-1

I'm rather new to submodules and git, but I have been using them to include all of my plugins for tmux and vim, etc on my own dotfiles repository on github.

It doesn't happen that often, but sometimes when I do a pull on my dotfiles repository, many of my submodule files have changed. For example, during my most recent git fetch, I get something like this (removed a couple plugin updates to make it shorter):

remote: Enumerating objects: 32, done.
remote: Counting objects: 100% (32/32), done.
remote: Compressing objects: 100% (8/8), done.
remote: Total 21 (delta 11), reused 20 (delta 10), pack-reused 0
Unpacking objects: 100% (21/21), 2.65 KiB | 14.00 KiB/s, done.
From https://github.com/someone/dotfiles
   fb997fe..2bffa27  master     -> origin/master
Fetching submodule tmux/plugins/tmux-yank
From https://github.com/tmux-plugins/tmux-yank
   d776f4e..1b1a436  master     -> origin/master
Fetching submodule vim/bundle/ultisnips
From https://github.com/SirVer/ultisnips
   7941f98..d3b36cd  master     -> origin/master
Fetching submodule vim/bundle/vimtex
From https://github.com/lervag/vimtex
   9b53bb31..49eab5d5  master     -> origin/master
 * [new tag]           v1.4       -> v1.4

During merge:

herophant:~/.dotfiles$ git merge
Updating fb997fe..2bffa27
Fast-forward
 .gitmodules                   |  9 +++++++++
 bashrc                        |  6 ++++++
 tmux/plugins/tmux-yank        |  2 +-
 vim/UltiSnips/tex.snippets    |  8 ++++++++
 vim/bundle/rainbow            |  1 +
 vim/bundle/syntastic          |  1 +
 vim/bundle/ultisnips          |  2 +-
 vim/bundle/vim-airline        |  2 +-
 vim/bundle/vim-airline-themes |  2 +-
 vim/bundle/vim-fugitive       |  2 +-
 vim/bundle/vim-racket         |  1 +
 vim/bundle/vimtex             |  2 +-
 vim/ftplugin/tex.vim          |  1 +
 vimrc                         | 20 ++++++++++++++++++--
 14 files changed, 51 insertions(+), 8 deletions(-)
 create mode 160000 vim/bundle/rainbow
 create mode 160000 vim/bundle/syntastic
 create mode 160000 vim/bundle/vim-racket
 create mode 100644 vim/ftplugin/tex.vim

Now my git status (short form) says:

## master...origin/master
 M .gitmodules
 M tmux/plugins/tmux-yank
 M vim/bundle/ultisnips
 M vim/bundle/vim-airline
 M vim/bundle/vim-airline-themes
 M vim/bundle/vim-fugitive
 M vim/bundle/vimtex

I don't really care what's happening to the submodules, but if they're getting updated, that's probably a good thing. I just want them to do this silently so that I don't have to make another commit to account for this. Is there a way to achieve this?

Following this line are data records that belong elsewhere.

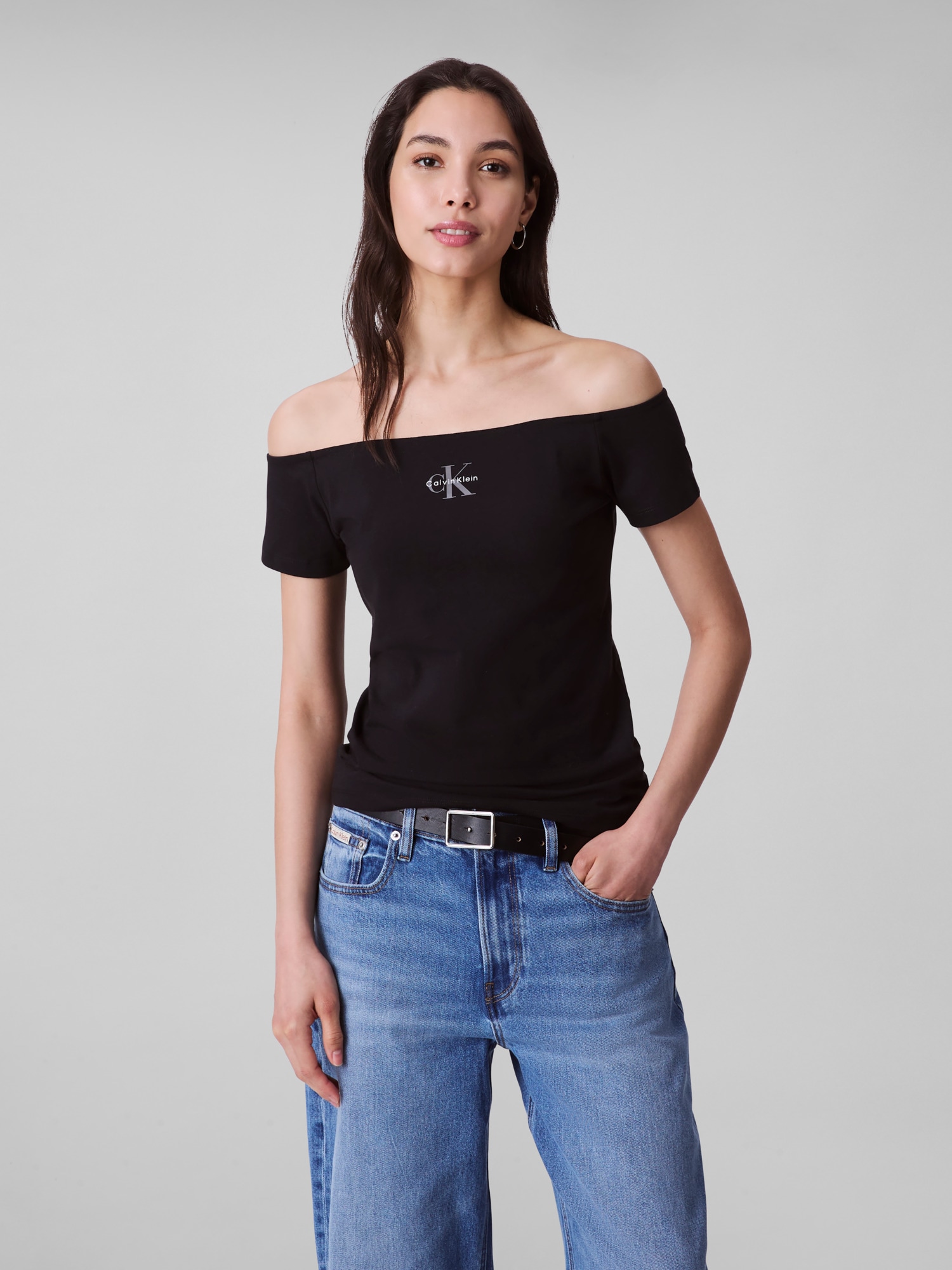 Calvin Klein Jeans Blusentop »MNGRM OFF SHLDR STRT«, Mit tiefem Rundhalsausschnitt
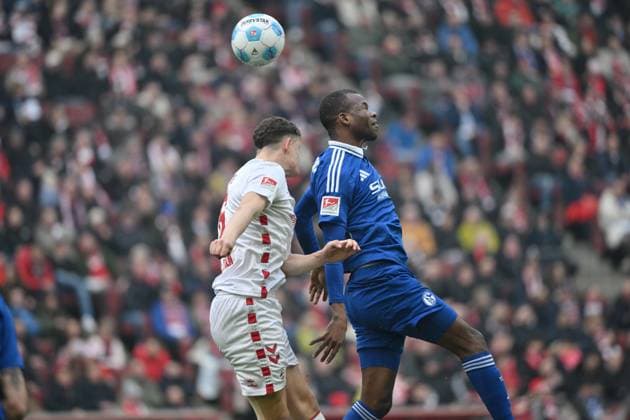 Pape Meissa Ba FC Schalke 04 , Eric Martel 1 FC Koeln , v re 09 02 2025, Soccer 2 Bundesliga, 21 Matchday, Season 2024 2025 1 FC Köln FC Schalke 04 Koeln Rhein Energie Stadion Nordrhein Westfalen Germany Team2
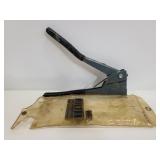 Powr-kraft Rivet tool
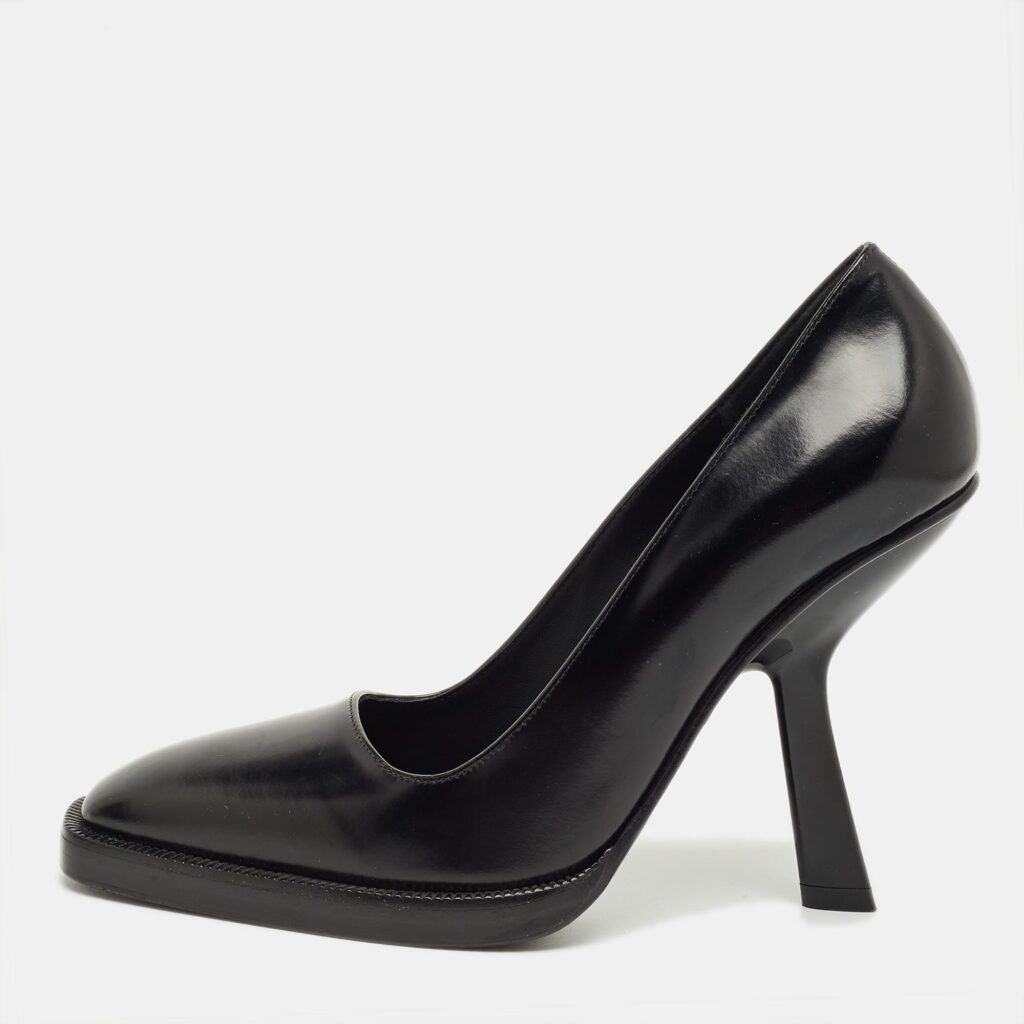 Salvatore Ferragamo Black Leather Anser Pumps Size 37 Salvatore Ferragamo Black Leather Anser Pumps Size 37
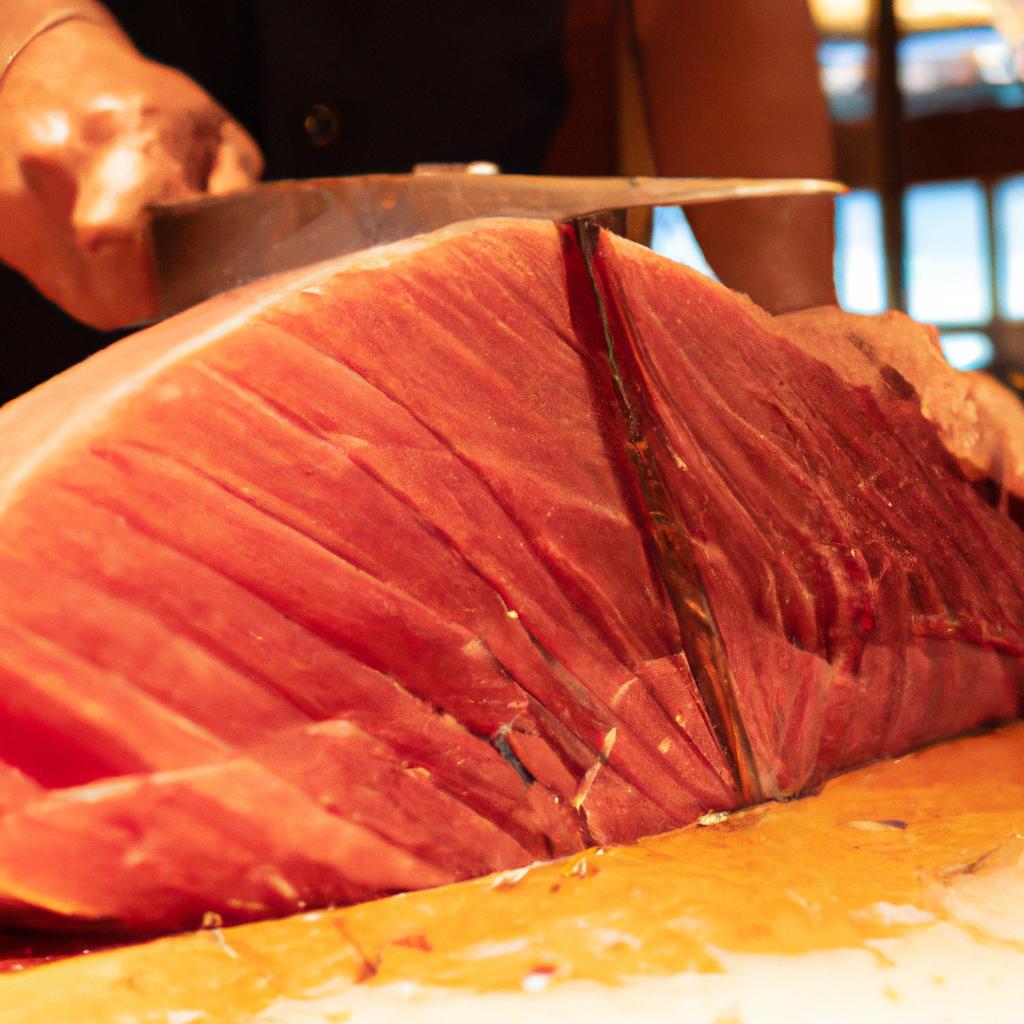 宴会を盛り上げるマグロ解体ショー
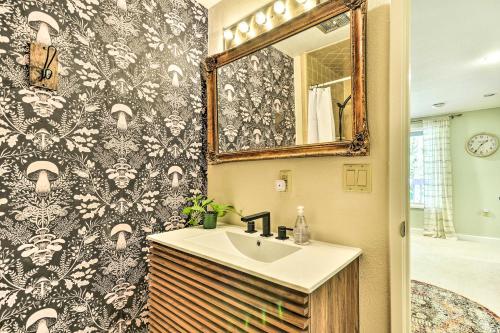 Un baño de The Owls Nest with Hot Tub and Forest Views!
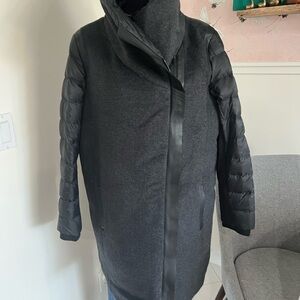 Elie Tahari Coat Woman’s Large Black Wool Blend Leather trim Zip Front Duck Down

Edit: Even if I commit this change to the raw hash, commiting one raw commit hash on one machine results in other machines "modifying" those commit hashes to their previous versions after a git pull.

As an example, vim-airline-themes was modified yesterday. I'm not sure what happened, but doing right after doing a git commit, vim-airline-themes is shown as modified. OK, I'll do another commit. This is what was changed

me@main-machine:~/.dotfiles$ git diff 4577802~ 4577802
diff --git a/vim/bundle/vim-airline-themes b/vim/bundle/vim-airline-themes
index e1b0d9f..7f53ebc 160000
--- a/vim/bundle/vim-airline-themes
+++ b/vim/bundle/vim-airline-themes
@@ -1 +1 @@
-Subproject commit e1b0d9f86cf89e84b15c459683fd72730e51a054
+Subproject commit 7f53ebc8f7af2fd7e6a0a31106b99491e01cd18f

I commit, do some more git pulls just to be sure, and "no new changes". I go to my other machine, do a git pull from my dotfiles repo, and see that the /vim/bundle/vim-airline-themes submodule has been modified. What was changed?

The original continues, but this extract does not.